## PROBLEM TO SOLVE
Using the entries that follow, transcribe only the lines from the line with "Tableau comparant les" to the line with "1020 ENGINE CONTROL SYSTEM R160LC-7, Hyundai", both included, exactly as they stand and without pictures.

## EXTRACTED INFORMATION
****************************************
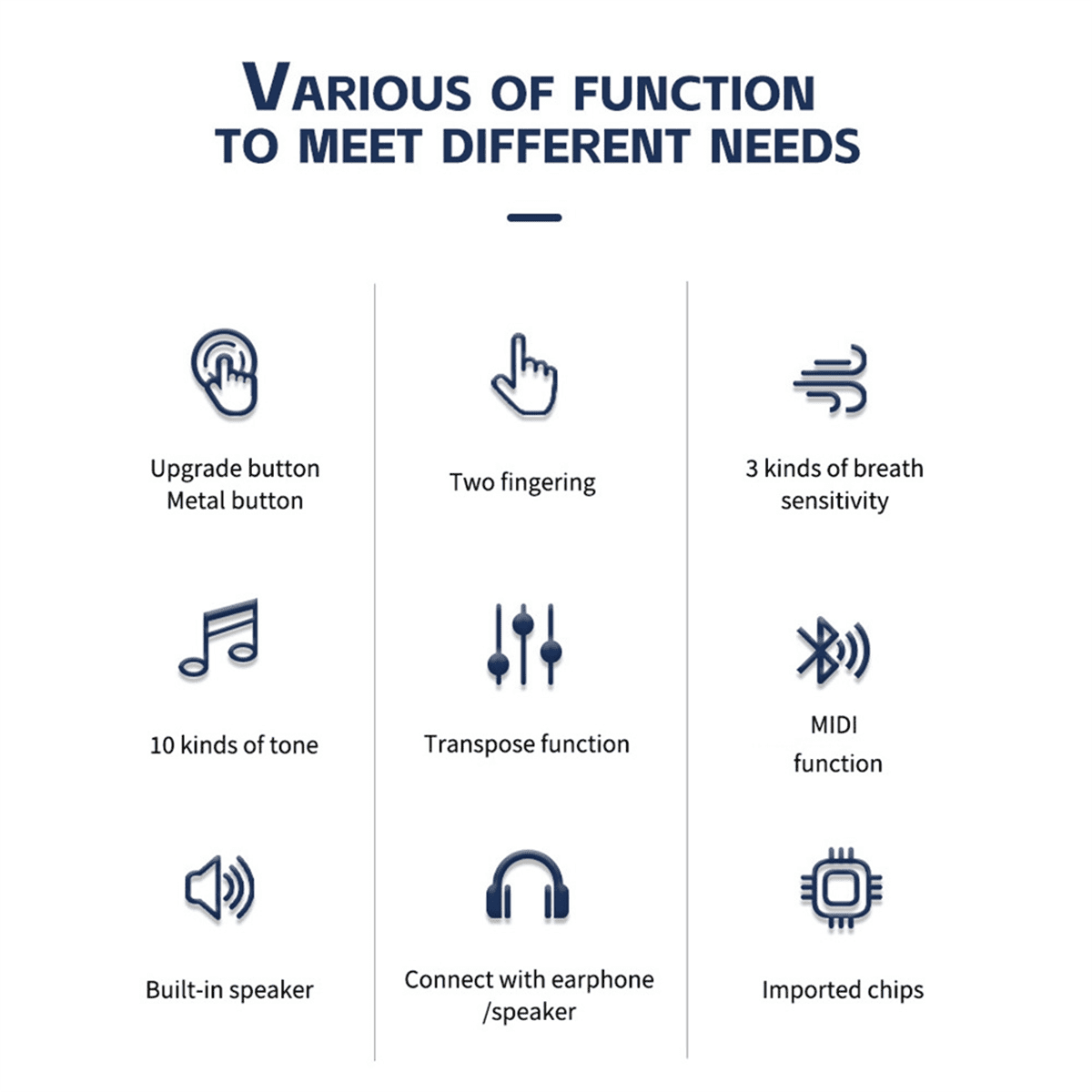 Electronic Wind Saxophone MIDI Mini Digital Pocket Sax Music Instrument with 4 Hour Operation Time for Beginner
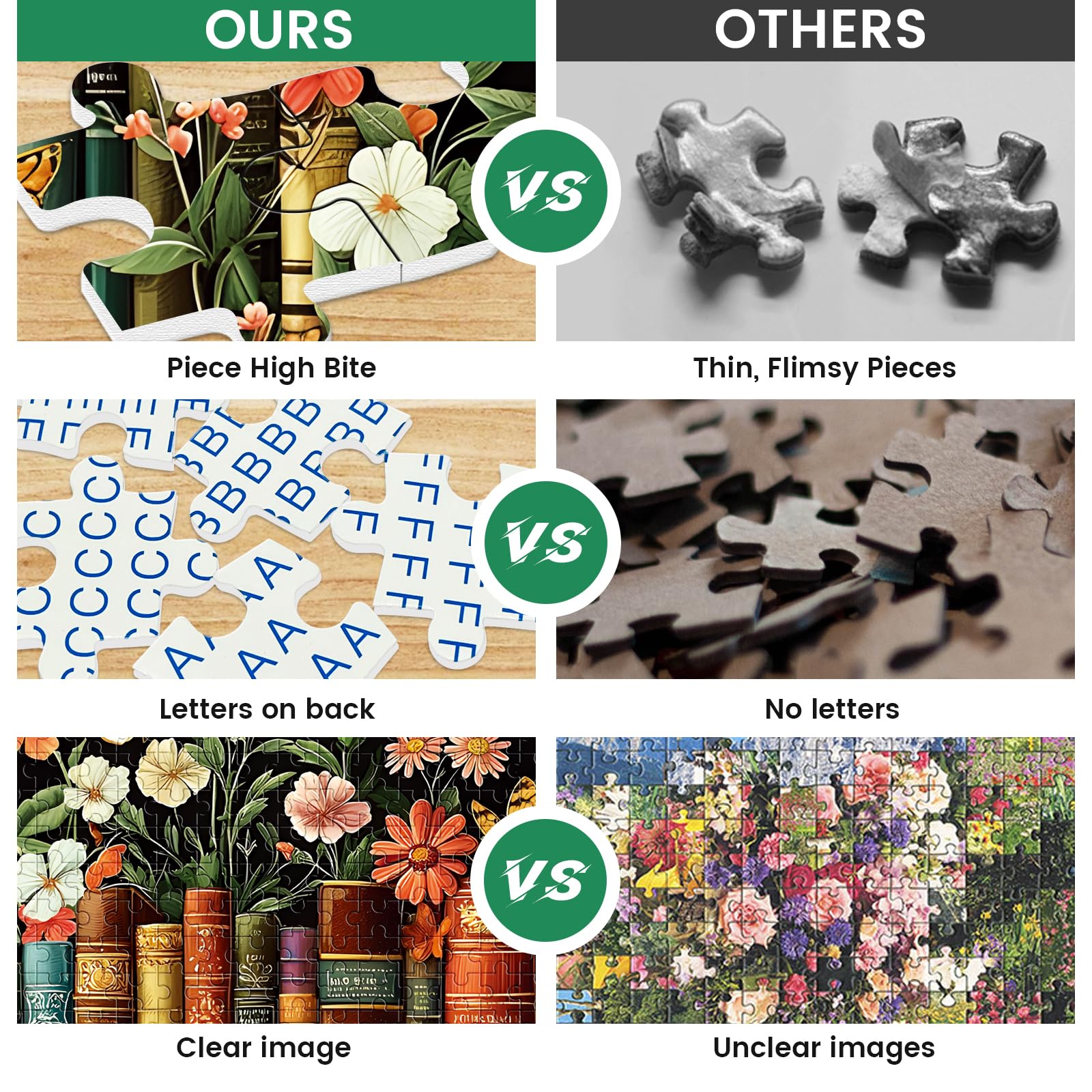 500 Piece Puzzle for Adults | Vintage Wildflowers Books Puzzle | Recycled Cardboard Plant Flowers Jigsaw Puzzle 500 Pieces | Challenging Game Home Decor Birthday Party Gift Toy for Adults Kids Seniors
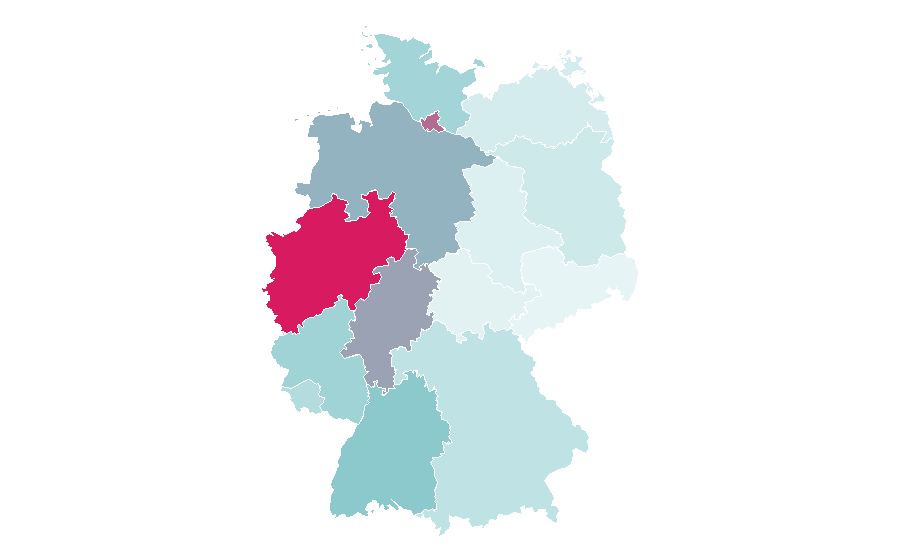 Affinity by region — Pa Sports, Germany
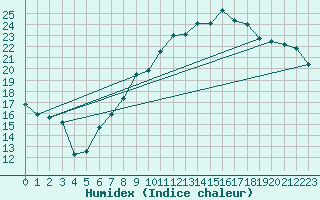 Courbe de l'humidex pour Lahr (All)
****************************************
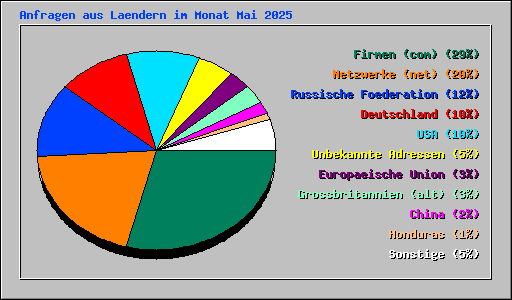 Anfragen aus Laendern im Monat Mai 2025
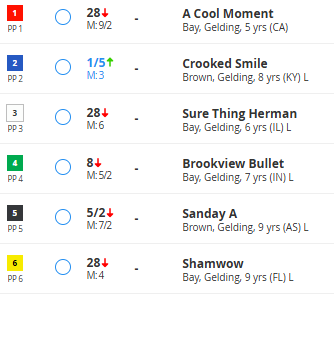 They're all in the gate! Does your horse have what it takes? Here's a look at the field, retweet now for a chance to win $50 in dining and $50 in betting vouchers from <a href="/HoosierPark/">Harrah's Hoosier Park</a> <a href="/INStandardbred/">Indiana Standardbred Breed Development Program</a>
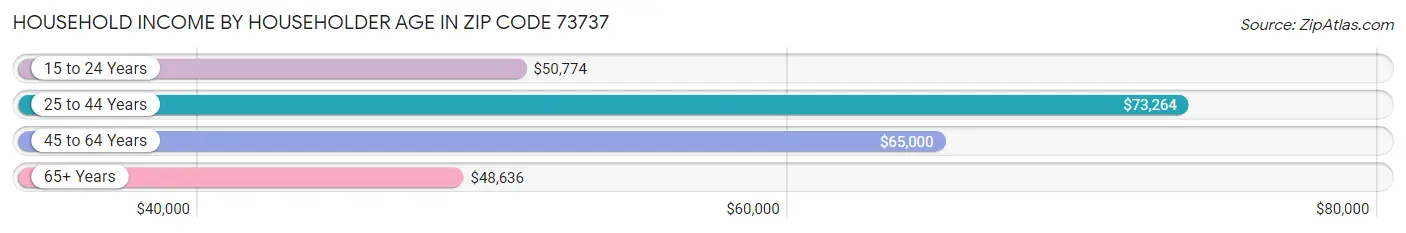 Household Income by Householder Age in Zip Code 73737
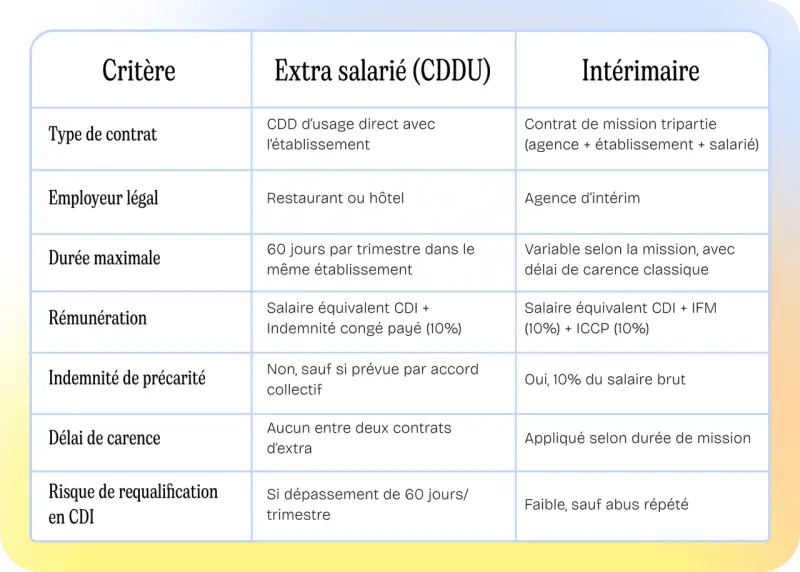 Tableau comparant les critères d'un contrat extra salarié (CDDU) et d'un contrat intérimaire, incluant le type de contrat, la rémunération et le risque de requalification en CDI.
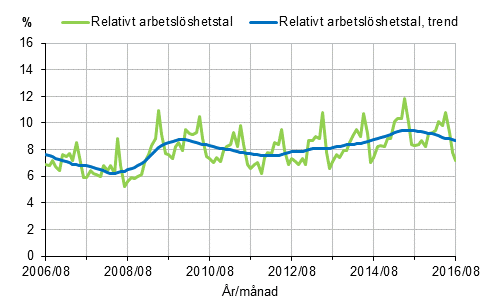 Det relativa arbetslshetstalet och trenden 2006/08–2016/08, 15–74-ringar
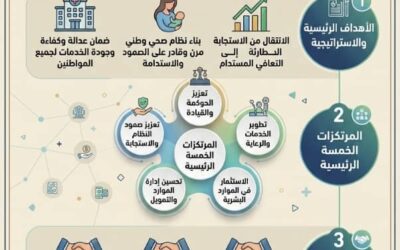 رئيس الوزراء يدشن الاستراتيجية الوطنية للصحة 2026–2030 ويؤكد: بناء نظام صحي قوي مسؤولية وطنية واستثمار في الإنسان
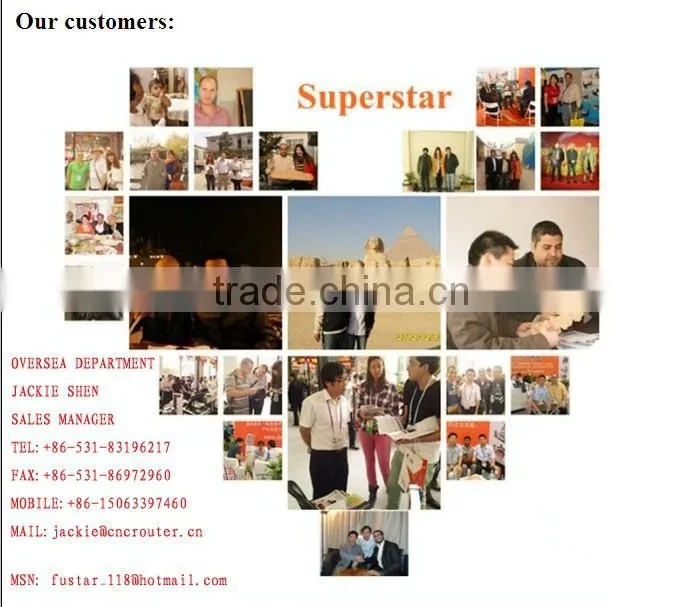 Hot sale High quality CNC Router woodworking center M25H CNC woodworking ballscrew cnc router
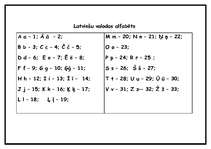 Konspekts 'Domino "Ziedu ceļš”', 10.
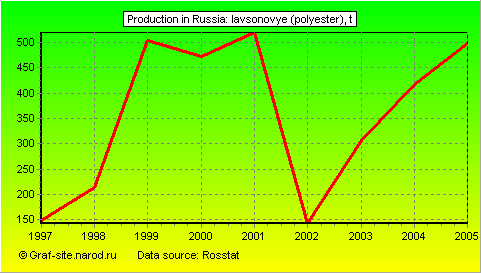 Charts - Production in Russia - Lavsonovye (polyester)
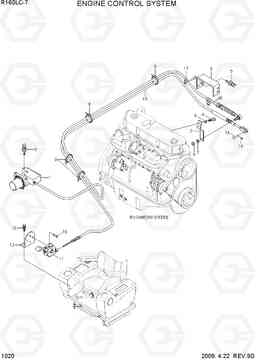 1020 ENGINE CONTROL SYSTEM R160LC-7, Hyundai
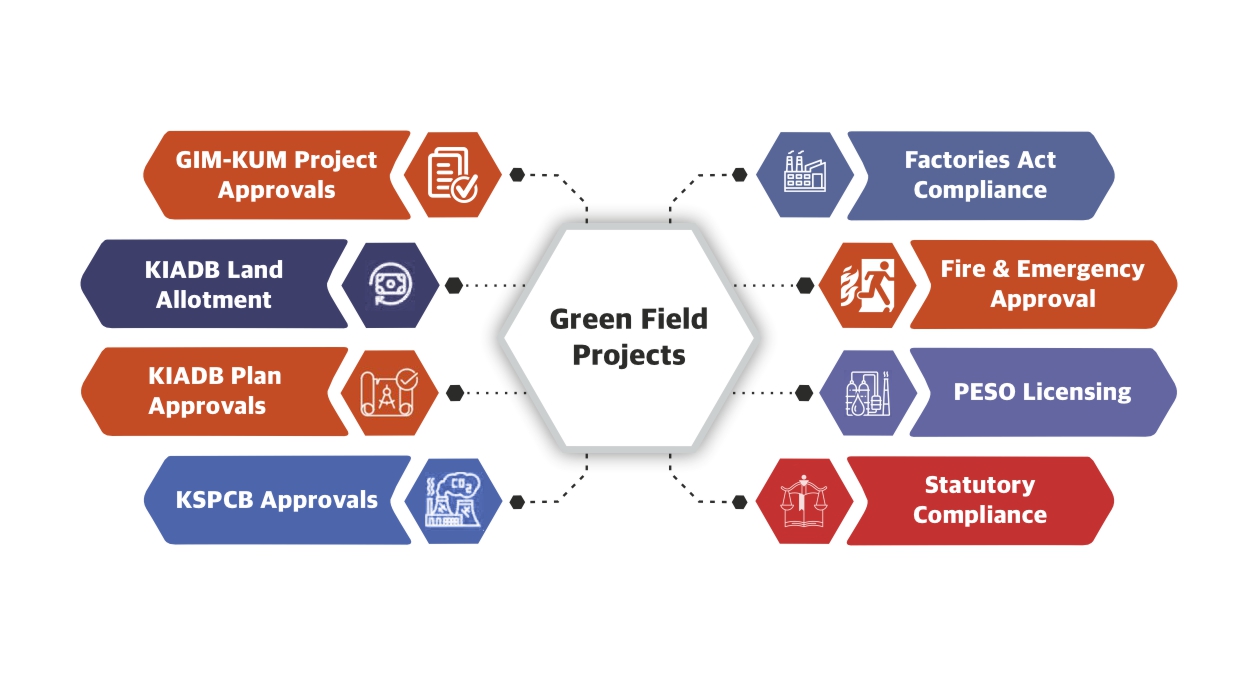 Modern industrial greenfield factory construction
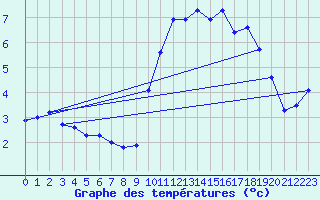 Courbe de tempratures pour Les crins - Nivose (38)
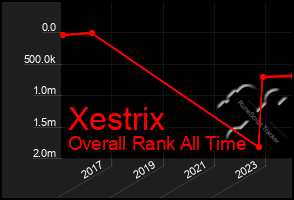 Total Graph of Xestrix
****************************************
## EXERCISE RESULT
 Tableau comparant les critères d'un contrat extra salarié (CDDU) et d'un contrat intérimaire, incluant le type de contrat, la rémunération et le risque de requalification en CDI.
 Det relativa arbetslshetstalet och trenden 2006/08–2016/08, 15–74-ringar
 رئيس الوزراء يدشن الاستراتيجية الوطنية للصحة 2026–2030 ويؤكد: بناء نظام صحي قوي مسؤولية وطنية واستثمار في الإنسان
 Hot sale High quality CNC Router woodworking center M25H CNC woodworking ballscrew cnc router
 Konspekts 'Domino "Ziedu ceļš”', 10.
 Charts - Production in Russia - Lavsonovye (polyester)
 1020 ENGINE CONTROL SYSTEM R160LC-7, Hyundai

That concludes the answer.